Remove punctuation when building the datas

Fantomas42 · May 4, 2015 · 19f3bb8 · 19f3bb8
1 parent 47e1048
commit 19f3bb8
Show file tree

Hide file tree

Showing 2 changed files with 26 additions and 8 deletions.
diff --git a/zinnia/comparison.py b/zinnia/comparison.py
@@ -1,14 +1,22 @@
 """Comparison tools for Zinnia"""
+import sys
+import unicodedata
+from math import sqrt
+
 from django.utils import six
 from django.core.cache import caches
 from django.utils.html import strip_tags
 from django.core.cache import InvalidCacheBackendError
 
-from math import sqrt
-
 from zinnia.search import STOP_WORDS
 
 
+PUNCTUATION = dict.fromkeys(
+    i for i in xrange(sys.maxunicode)
+    if unicodedata.category(unichr(i)).startswith('P')
+)
+
+
 def pearson_score(list1, list2):
     """
     Compute the Pearson' score between 2 lists of vectors.

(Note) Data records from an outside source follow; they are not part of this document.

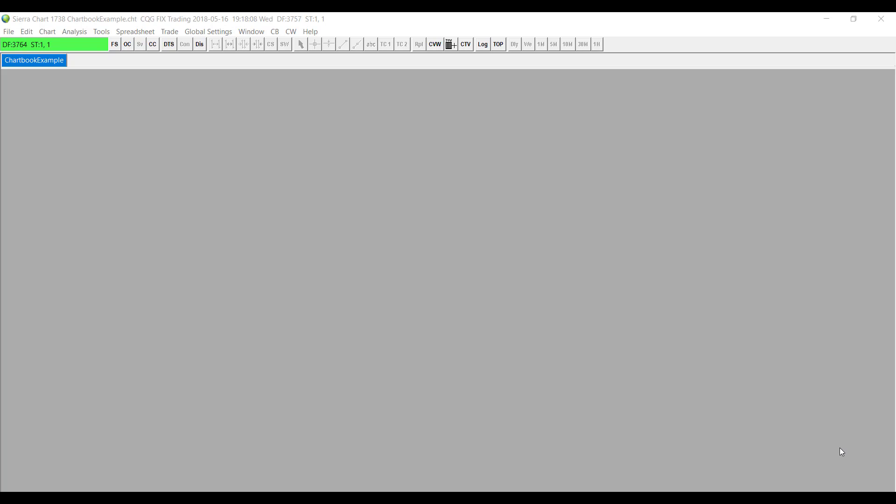Hello, this is Jake with Optimist Futures, and in this video I'll be showing you one of Sierra Chart's most highly requested features, the estimated position in queue for limit orders.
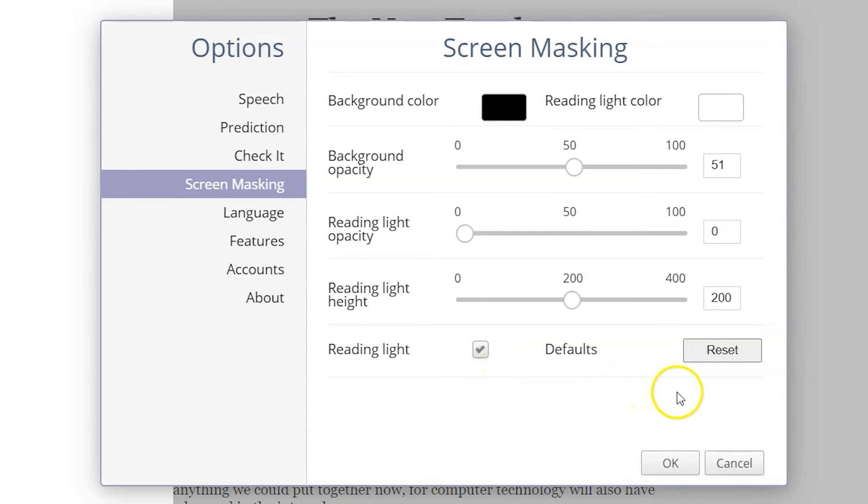This'll change the color of your screen. You can even reset all those settings right back to their original.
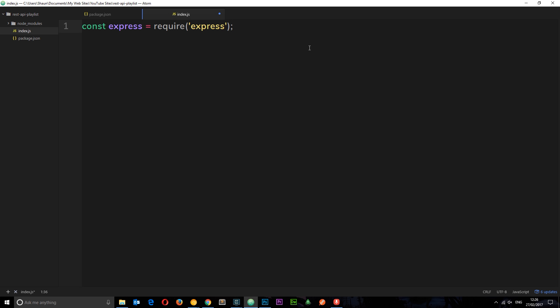By the way, if at any point you find yourself struggling to keep up with this node.js stuff I do advise you to check out my node.js for beginners playlist that's going to go through all this kind of stuff and more. So if you can't keep up, check out that first because I'm going to be moving at a pace which is a little more advanced than very beginner.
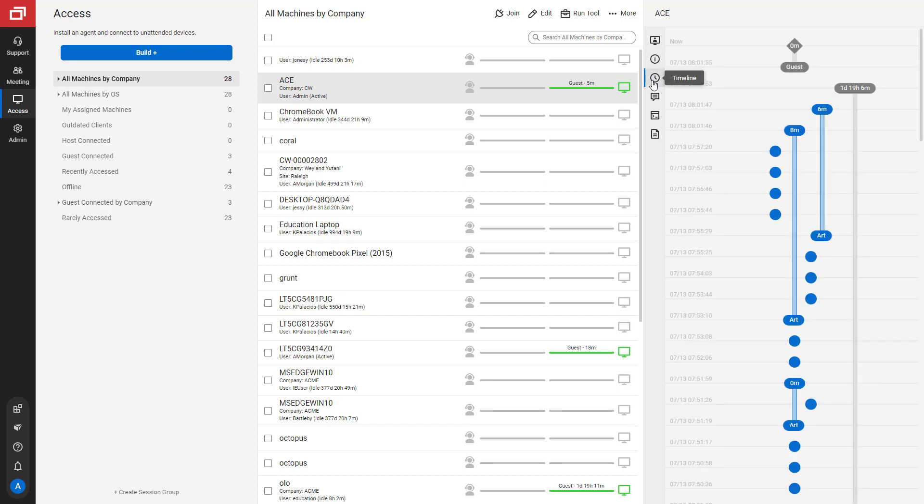Next is the Timeline tab. Here you can see actions that have been performed on the machine. Hover over a stamp to see the action and details.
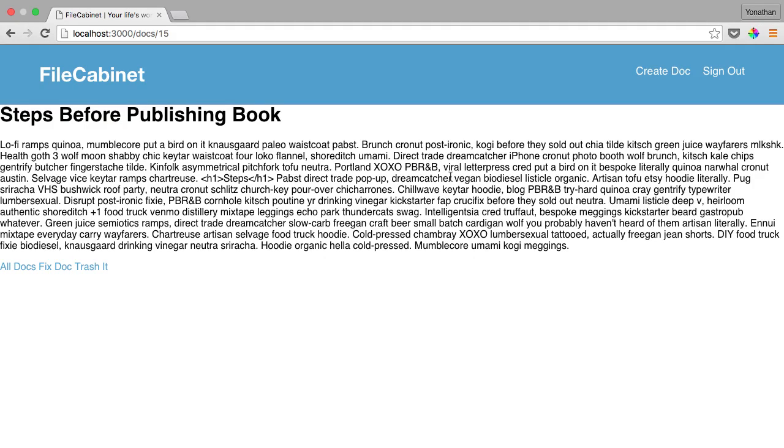So welcome back to styling our show page. Right now our show page is very ordinary, has the title, the content, and a few links at the bottom.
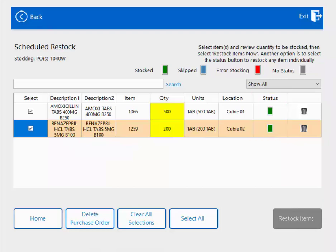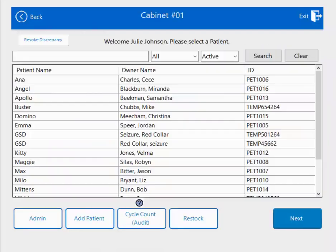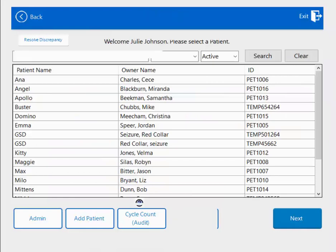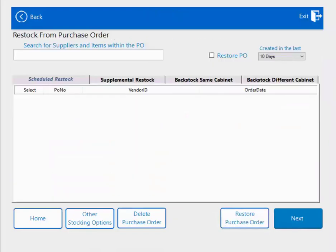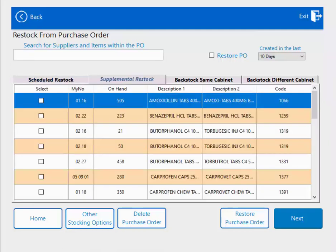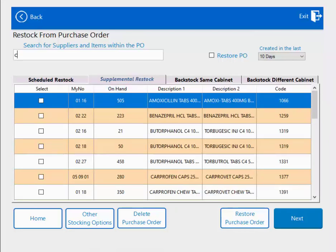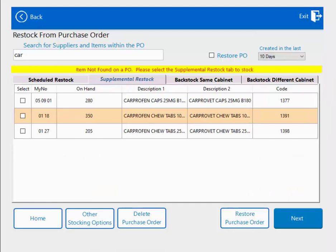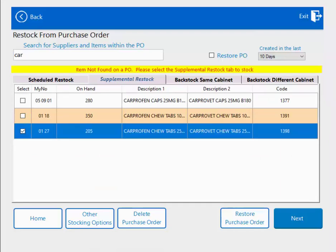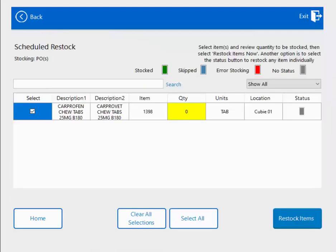Now let's take a look at a supplemental restock. I'll hit the home button, hit restock again, and notice that my purchase order has disappeared because I restocked it. I'm going to click on supplemental restock, which gives me a list of everything assigned in this cabinet. I'm going to use my search bar to look for Carprofen, restock this one, and hit next.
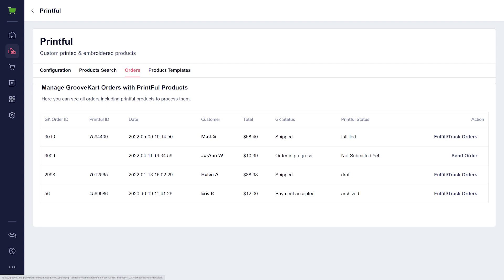Finally, if the Printful order has any other status, such as Failed, Canceled, or Delayed, the buyer will not receive any notification. You will need to decide on the appropriate action to take.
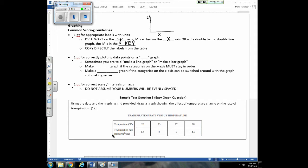Another point comes from correctly plotting your data on the correct type of graph. Sometimes you're told to make a line or bar graph, but sometimes you must decide. Use these guidelines: if the categories on the X-axis must stay in order to make sense, make a line graph. If the categories can be switched in any order and the data still makes sense, make a bar graph. The third point comes from using correct scale or intervals on your axes.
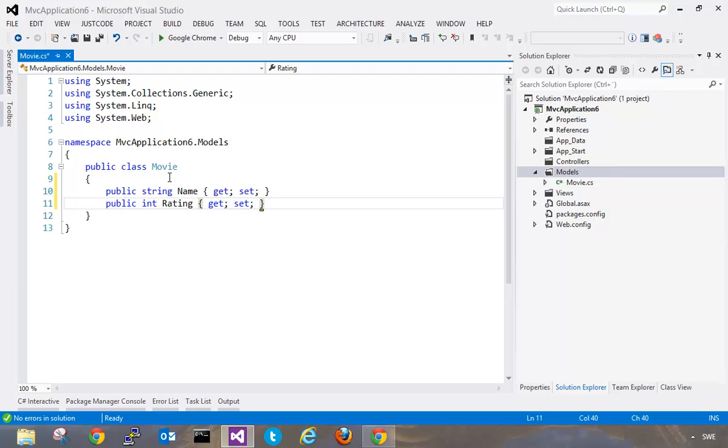Normally I would have to have my file open in two places and just write these properties by hand. But my friend Andreas has created an extension for Visual Studio that will help you generate these knockout view models.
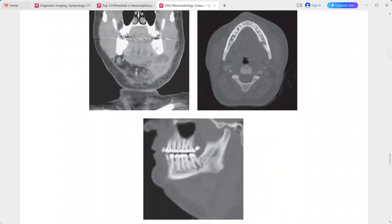There is a lucency surrounding the roots of the second left mandibular molar with breakthrough of the medial cortex. On the coronal image, the mylohyoid separates the sublingual and submandibular spaces, and the site of cortical breakthrough lies below the insertion of this muscle on the mandible.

@@ -48,9 +56,19 @@ def dataset(self):
             item = list(item)
             item_pk = item.pop(0)
             datas = ' '.join(map(six.text_type, item))

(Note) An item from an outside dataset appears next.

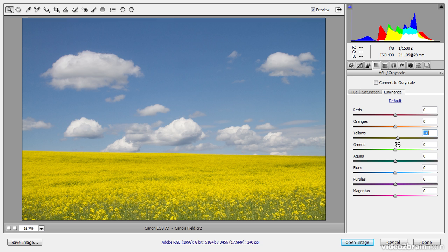Each of the adjustments — Hue, Saturation, and Luminance — can be applied to all of the individual colors.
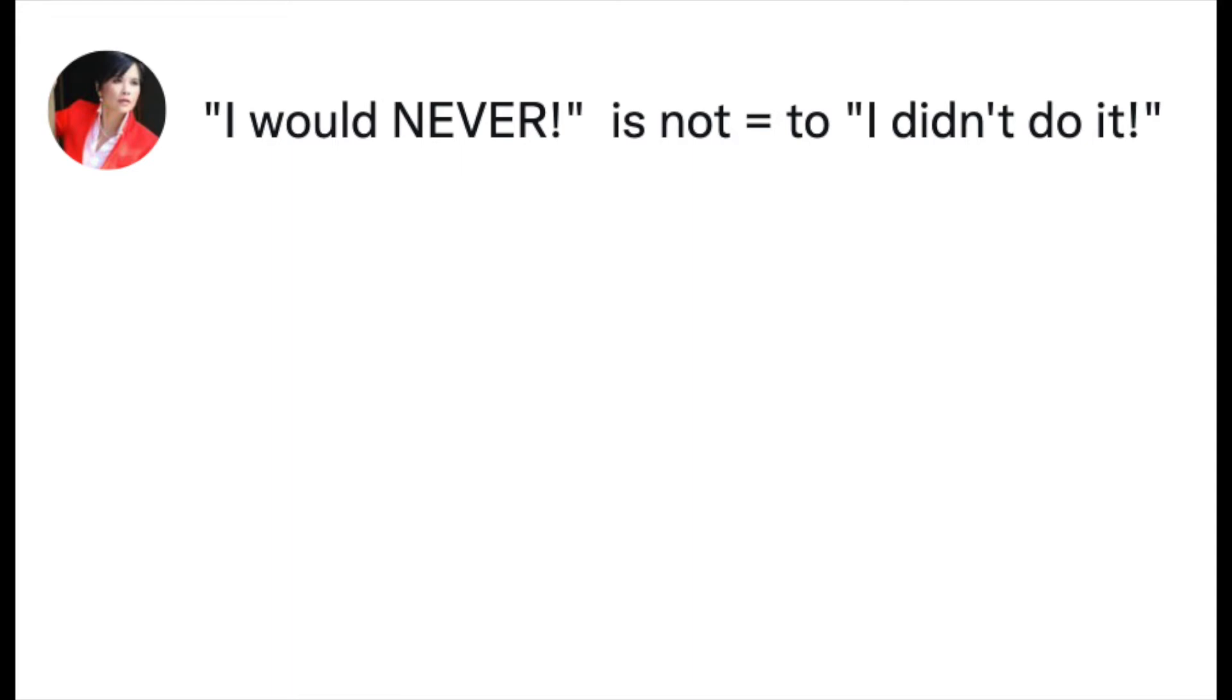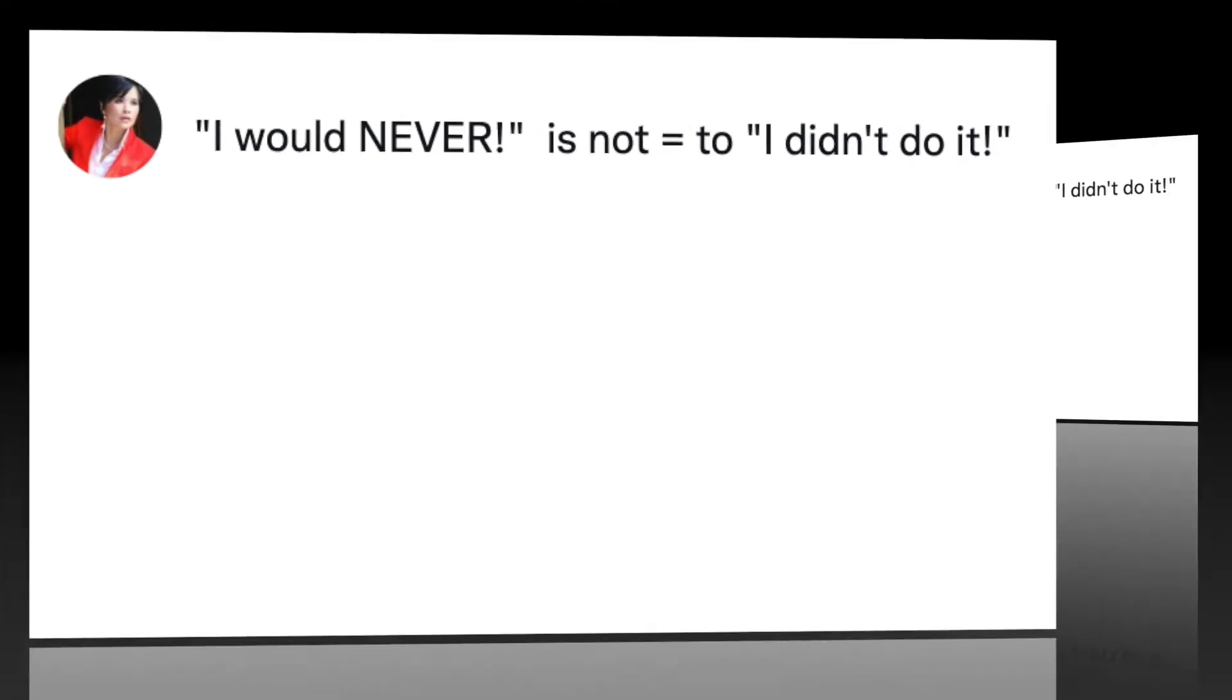Listen up and heads up. If you ask somebody a direct accusatory question like 'did you take the money?' and the person responds 'I would never,' then you just got a non-answer.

-            dataset[item_pk] = STOP_WORDS.rebase(strip_tags(datas).lower(), '')
+            dataset[item_pk] = self.clean(datas)
         return dataset
 
+    def clean(self, datas):
+        """
+        Apply a cleaning on the datas.
+        """
+        datas = strip_tags(datas)             # Remove HTML
+        datas = datas.translate(PUNCTUATION)  # Remove punctuation
+        datas = STOP_WORDS.rebase(datas, '')  # Remove STOP WORDS
+        datas = datas.lower()
+        return datas
+
 
 class VectorBuilder(object):
     """

diff --git a/zinnia/tests/test_comparison.py b/zinnia/tests/test_comparison.py
@@ -29,20 +29,20 @@ def test_pearson_score(self):
                          -1)
 
     def test_clustered_model(self):
-        params = {'title': 'My entry 1', 'content': 'My content 1',
+        params = {'title': 'My entry 1', 'content': 'My content 1.',
                   'tags': 'zinnia, test', 'slug': 'my-entry-1'}
         entry_1 = Entry.objects.create(**params)

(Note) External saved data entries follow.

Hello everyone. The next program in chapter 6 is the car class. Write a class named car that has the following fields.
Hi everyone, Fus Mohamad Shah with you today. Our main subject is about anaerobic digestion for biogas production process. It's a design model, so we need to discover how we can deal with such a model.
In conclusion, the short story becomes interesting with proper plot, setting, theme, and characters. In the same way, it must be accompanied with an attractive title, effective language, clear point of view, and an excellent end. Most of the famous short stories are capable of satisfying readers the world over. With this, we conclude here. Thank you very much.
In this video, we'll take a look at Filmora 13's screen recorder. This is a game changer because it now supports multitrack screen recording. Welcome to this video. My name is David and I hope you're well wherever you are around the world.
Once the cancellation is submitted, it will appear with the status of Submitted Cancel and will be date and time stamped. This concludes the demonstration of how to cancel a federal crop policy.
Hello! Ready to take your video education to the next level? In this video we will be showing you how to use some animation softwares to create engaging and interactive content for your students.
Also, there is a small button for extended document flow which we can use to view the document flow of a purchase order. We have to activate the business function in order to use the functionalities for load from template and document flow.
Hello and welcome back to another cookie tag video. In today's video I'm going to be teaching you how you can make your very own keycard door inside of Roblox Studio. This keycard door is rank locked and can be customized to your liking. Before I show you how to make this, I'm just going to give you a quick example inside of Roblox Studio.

-        params = {'title': 'My entry 2', 'content': 'My content 2',
+        params = {'title': 'My entry 2', 'content': 'My content 2.',
                   'tags': 'zinnia, test', 'slug': 'my-entry-2'}
         entry_2 = Entry.objects.create(**params)
         cm = ClusteredModel(Entry.objects.all(), ['id'])
         self.assertEqual(sorted(cm.dataset().values()),
                          sorted([str(entry_1.pk), str(entry_2.pk)]))
         cm = ClusteredModel(Entry.objects.all(),
-                            ['title', 'excerpt', 'content'])
+                            ['title', 'content', 'tags'])
         self.assertEqual(sorted(cm.dataset().values()),
-                         sorted([' entry 1   content 1',
-                                 ' entry 2   content 2']))
+                         sorted([' entry 1  content 1 zinnia test',
+                                 ' entry 2  content 2 zinnia test']))
 
     def test_vector_builder(self):
         vectors = VectorBuilder(Entry.objects.all(),